I’ve written about what makes Floyd Gottfredson’s Mickey Mouse sublime and unquestionably superior to the animated counterpart several times in the past, so I won’t repeat myself. But it bears constant reiteration that Walt Disney’s Mickey Mouse: “Race to Death Valley” (Vol. 1) by Fantagraphics, a collection people have been waiting decades for, is a must for your comics/animation library.
This is the start of the reprinting of Gottfredson’s entire run of the Mickey Mouse daily strips, something comic fans thought they’d never live to see. The restoration of the Walt Disney-Gottfredson written story, Death Valley, has been something of a project of David Gerstein’s for at least half the time I’ve known him, and it’s easily the best version you’ll ever see of this historic story, not to mention every single other strip presented. (For completeness’s sake, the Disney/Ub Iwerks/Win Smith collaboration and first Mouse serial Lost on a Desert Island is also featured.)
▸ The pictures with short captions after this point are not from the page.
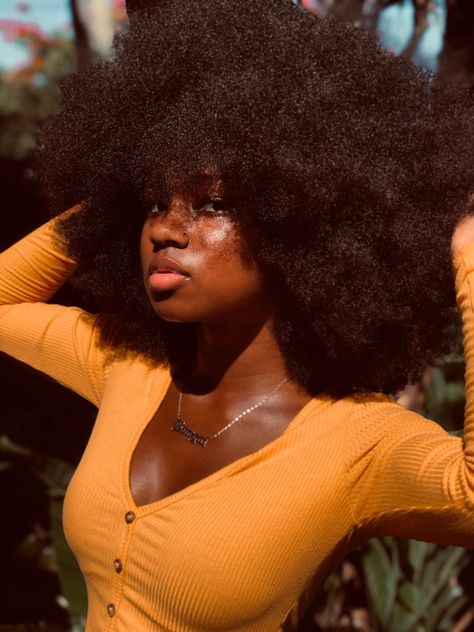 Big Hair Curls, Feed In Braids Hairstyles, Big Curly Hair, Hair Curls, Natural Afro Hairstyles, Dark Skin Beauty, Natural Hair Beauty, Natural Hair Inspiration, Aesthetic Photos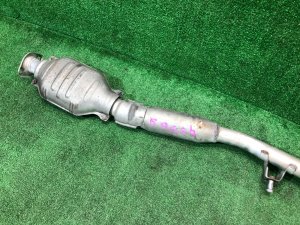 Средняя часть глушителя SUBARU FORESTER OEM 44200FA120 SF9, SF5 1998 EJ254 AT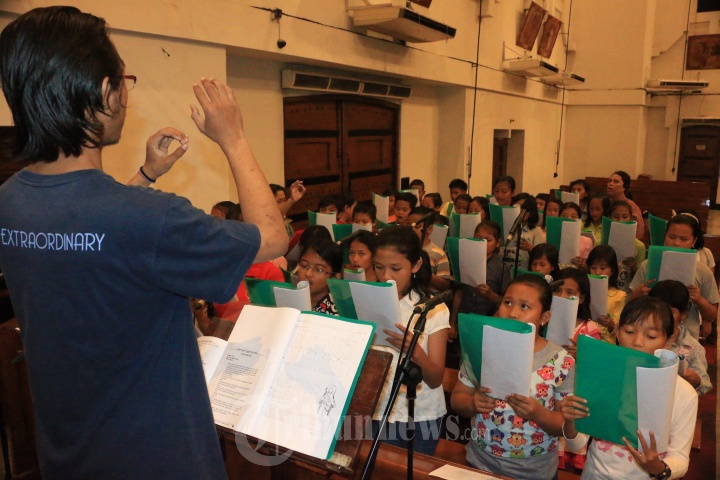 Detail Paduan Suara Gereja Nomer 31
Gottfredson hadn’t quite come into his own in the period covered in this tome (April 1930-January 1932), but you can see the art evolve from slightly crude beginnings to something that isn’t quite the classic Gottfredson Mickey look. By the end of the book, colorful costars like Clarabelle Cow and Horace Horsecollar (rarely ever more than just incidentals in the animated cartoons) are just as refined and well-developed as the main mouse is.
My hat’s off to David and his chums at Fantagraphics. I’d pre-order Vol. 2, due out in October, had I not bought this at full price today (worth every cent though). That second volume should feature stories like Treasure Island and Blaggard Castle, where Gottfredson begins his period as the single most accomplished comic strip storyteller. And still, the best is yet to come.
(Incidentally, I see I am thanked in the book by David for support and inspiration. Making all those jokes about Walt Disney’s Sylvester Shyster the Crooked Jew has finally paid off.)
Thanks, Thad. Oy Gewalt!
My original goal for “Death Valley” was to remount the restoration in comic book page format—so it could be colored with animation-style colors and get a large-size graphic novel printing all to itself.
For awhile, this was to have been a later-aborted Gemstone album. Then it was an also-aborted Boom album. Maybe it’ll still appear in that format someplace some day… Susan Daigle-Leach had begun an awesome (and never-finished) coloring job.
(Re: Shyster—for the uninitiated, a censor twenty years ago mistakenly objected to the character for awhile, confusing his name with Shylock. Wotta woild.)
I have Death Valley on my Amazon Wishlist. I can’t wait to read it.